Roger Waters has released a statement regarding his controversial concerts in Berlin, which was heavily criticized for his wearing a Nazi-looking uniform (although it was meant to echo Bob Geldof’s fascist character Pink from 1982’s The Wall). The May 17 and 18 shows also featured an inflatable pig displaying Third Reich-style banners and a Star of David, a prop Waters has been using since 2010. Police in Germany have launched a criminal investigation into Waters’ costuming. “The elements of my performance that have been questioned are quite clearly a statement in opposition to fascism, injustice, and bigotry in all its forms,” Waters wrote on social media.
The full statement is below:
A Statement from Roger Waters on the controversy over his Berlin Concert
My recent performance in Berlin has attracted bad faith attacks from those who want to smear and silence me because they disagree with my political views and moral principles.
The elements of my performance that have been questioned are quite clearly a statement in opposition to fascism, injustice, and bigotry in all its forms. Attempts to portray those elements as something else are disingenuous and politically motivated. The depiction of an unhinged fascist demagogue has been a feature of my shows since Pink Floyd’s The Wall in 1980.
I have spent my entire life speaking out against authoritarianism and oppression wherever I see it. When I was a child after the war, the name of Anne Frank was often spoken in our house, she became a permanent reminder of what happens when fascism is left unchecked. My parents fought the Nazis in World War II, with my father paying the ultimate price.
Regardless of the consequences of the attacks against me, I will continue to condemn injustice and all those who perpetrate it.

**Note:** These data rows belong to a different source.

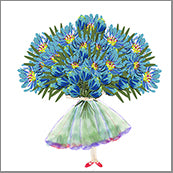 Small Cards (Pack of 10) - Bunch of Blue Flowers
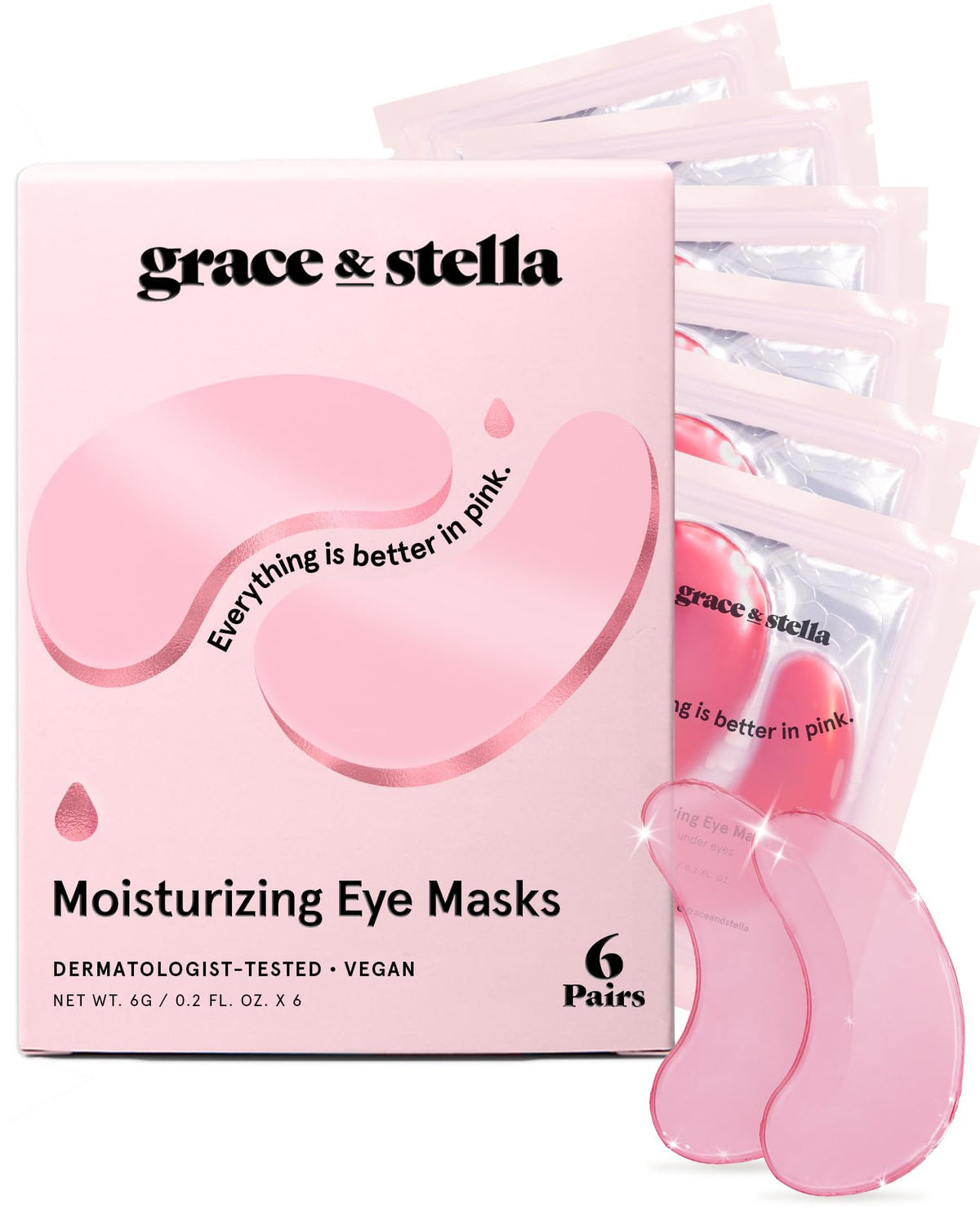 grace & stella Under Eye Patches Eye Masks for Puffy Eyes and Dark Circles | Gifts for Women, Bridesmaids, Birthdays, Bachelorette Party, Self Care Gifts for Women - Vegan Cruelty-Free (12 Pairs)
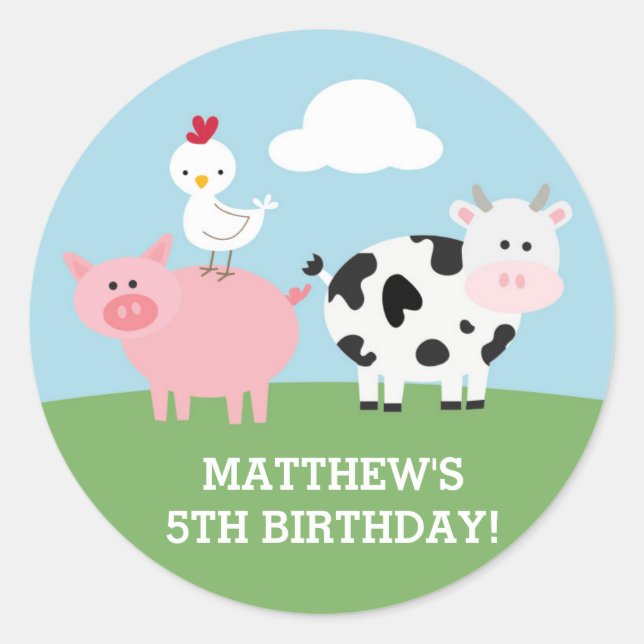 Adesivo Redondo Barnyard Bash (Frente)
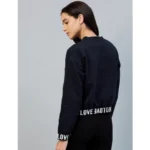 Generic Women's Fleece Solid Long Sleeves Sweatshirt (Navy) - Image 3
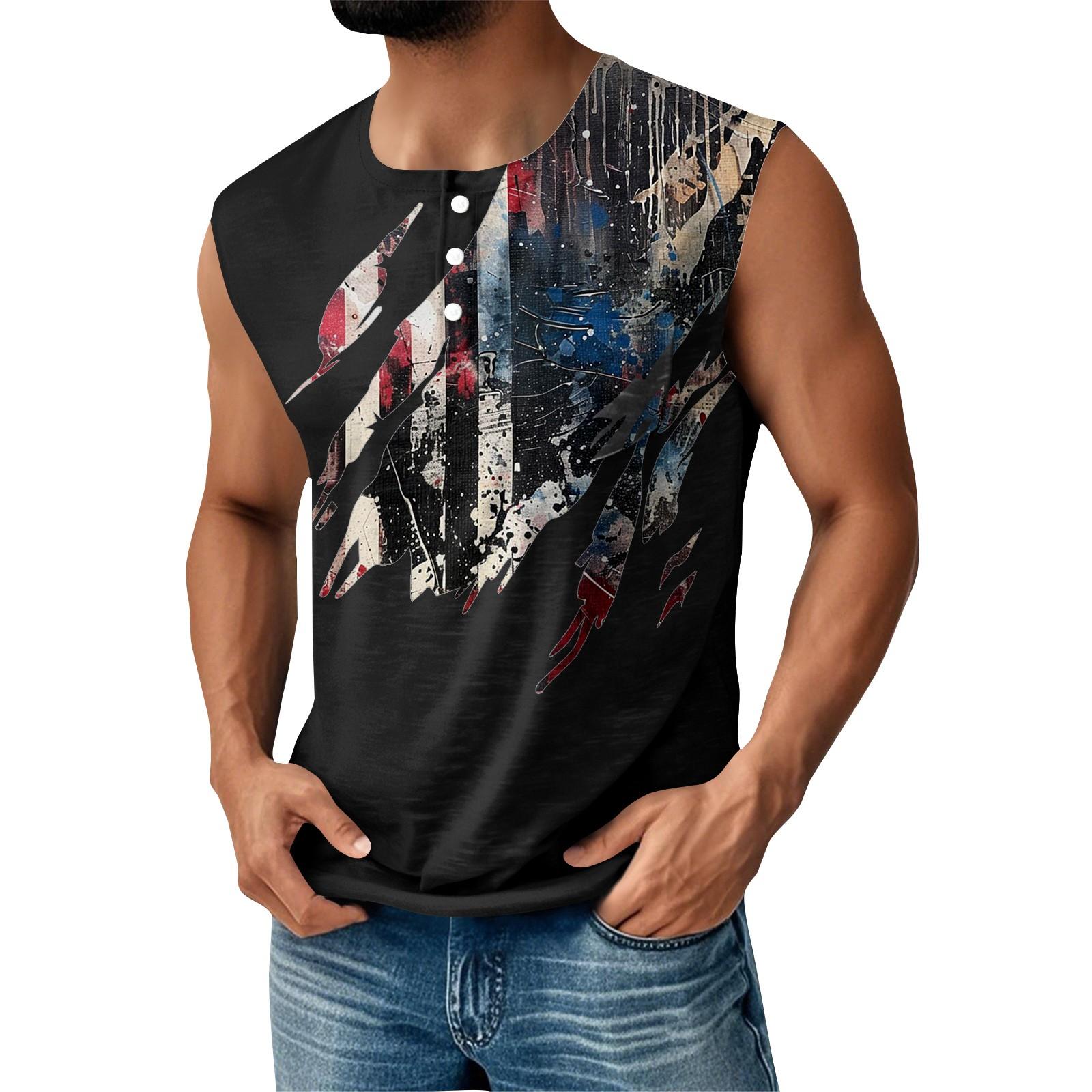 

Мужская летняя майка без рукавов с принтом ко Дню независимости, спортивная, на пуговицах, с карманом S циан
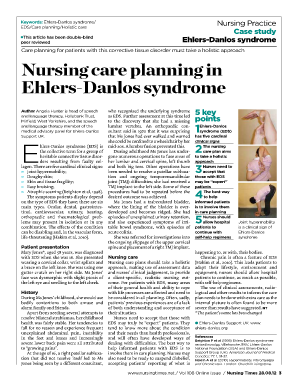 Ehlers Danlos Syndrome Care Plan for School  Form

Also during Waters’ performances at the Mercedes-Benz Arena, screens displayed the names of victims Waters believes were killed by governments, including Mahsa Amini, an Iranian woman beaten to death by the country’s “morality police”; George Floyd; and activist Sophie Scholl, a German student and anti-Nazi political activist who was beheaded via guillotine in 1943 after being convicted of high treason for distributing anti-war leaflets at the University Of Munich.
Anne Frank’s name flashed immediately before Shireen Abu Akleh, a veteran Palestinian-American journalist who is believed to have been killed last May by shots from Israeli soldiers during a shootout with Palestinian militants. The Jerusalem Post reported that the juxtaposition of images sparked “outrage from Israeli and Jewish activists and officials around the world.”